Fokuskini – Aksi demo ribuan karyawan salah satu perusahaan alat kesehatan di Jakarta Barat yang mengeluhkan perihal memburuknya kesejahteraan mereka karena makin menurun pasca masih banyaknya alat kesehatan khususnya alat swab antigen impor yang digunakan dan beredar dipasaran. Memperoleh simpati masyarakat banyak termasuk dari organisasi masyarakat Pemuda Batak Bersatu (PBB) yang turut kesal dengan realitas saat ini para produsen alat kesehatan dalam negeri merugi sehingga terpaksa memangkas biaya produksi, dan berimbas dengan pengurangan karyawan pekerjanya dalam beberapa bulan terakhir.
Pemuda Batak Bersatu (PBB) melalui Ketua Umum Lambok F Sihombing, mengaku prihatin dengan kondisi tersebut, dimana diantaranya menimpa nasib sebagian anggota PBB.
Lambok menambahkan, rekan-rekannya banyak berkeluh kesah kepada dirinya dan berharap PBB dapat membantu nasib mereka.
“Kami sangat prihatin dan menyayangkan masalah tersebut karena mereka rekan-rekan Kami semua dan terancam dirumahkan. Kami telah berkomunikasi dengan pihak pemilik pabrik untuk menanyakan apa yang melatarbelakangi mereka merumahkan sebagian besar karyawannya. Ternyata masalahnya adalah pabrik ini tidak dapat memasarkan produk mereka di pasaran dalam negeri akibat dari banyaknya produk impor yang masih beredar,” terang lanjut Lambok ketika ditemui awak media di Kantor PBB yang berlokasi di kota Bekasi, Jawa Barat.
Lebih lanjut Lambok mengatakan, bahwa dirinya mendapatkan infromasi, dan salah satunya adalah terkait lelang pengadaan alat swab antigen yang diadakan oleh Kementerian Kesehatan (Kemenkes) Republik Indonesia senilai Rp 129 miliar.
“Kami tidak tahu apa yang melatarbelakangi Kemenkes mematok harga sangat mahal, sehingga produk-produk lokal yang presentase produksinya tinggi, tidak dipakai oleh pihak pemerintah. Padahal pemerintah Indonesia sering menggaungkan untuk mengutamakan memakai produk dalam negeri. Di sini Kami menduga adanya kerugian negara yang sangat besar karena adanya permainan,” ungkap Lambok.

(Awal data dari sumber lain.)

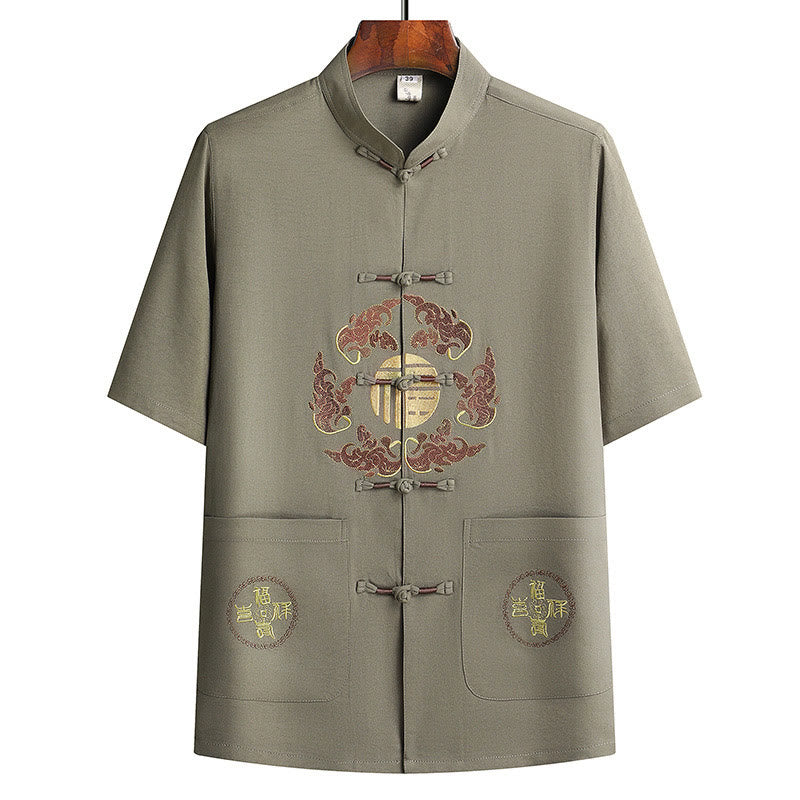Buddha Stones Fu Character Tang Suit Hanfu Traditional Uniform Short Sleeve Top Pants Clothing Men's Set - image 25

Menurut data yang dipegang Lambok, ada beberapa penawaran dari produsen lokal dengan harga kisaran Rp 30 Ribu per 25 pcs (produk jual) alat swab antigen. Akan tetapi, yang menjadi pertanyaan adalah kenapa Kemenkes justru melirik produk dengan harga yang jauh lebih mahal yakni Rp 86 ribu per 10 pcs alat swab antigen.
Disamping itu, Lambok juga mengutarakan bahwa Ia tidak habis pikir kenapa beberapa Badan Usaha Milik Negara tidak memakai alat swab antigen produk lokal dalam kesehariaannya seperti KAI dan RNI, tetapi justru memakai alat kesehatan impor yang secara harga jauh lebih mahal. Sementara perusahaan penerbangan yang berasal dari negara lain yakni Lion Air, malah menggunakan produk dalam negeri yang secara harga jauh lebih murah yaitu Rp 35 ribu bahkan sudah termasuk jasa dan surat keterangan hasil pemeriksaan untuk mendapatkan jadwal penerbangan.
Oleh karenanya, Lambok meminta kepada KPK, BPK dan Kejaksaan Agung untuk memonitor lelang pengadaan alat swab antigen yang dilakukan Kemenkes tersebut agar negara terhindar dari kerugian yang sangat besar. Di samping itu, menurut perhitungan Lambok berdasarkan data yang ia dapat, negara bakal mengalami kerugian kurang lebih Rp 84 miliar dari proyek lelang pengadaan alat swab antigen oleh Kemenkes.
“Kami tidak tahu bagaimana dengan proyek-proyek pengadaan alat swab antigen Kemenkes yang sebelumnya. Namun yang pasti, menurut Kami banyak produk-produk lokal yang sudah teruji secara klinis dan layak pakai serta izin edarnya juga sudah keluar, terlebih lagi harga juga lebih murah ketimbang produk impor, tetapi kenapa tidak digunakan oleh pemerintah? Itu yang Kami sangat sayangkan,” tegas Lambok.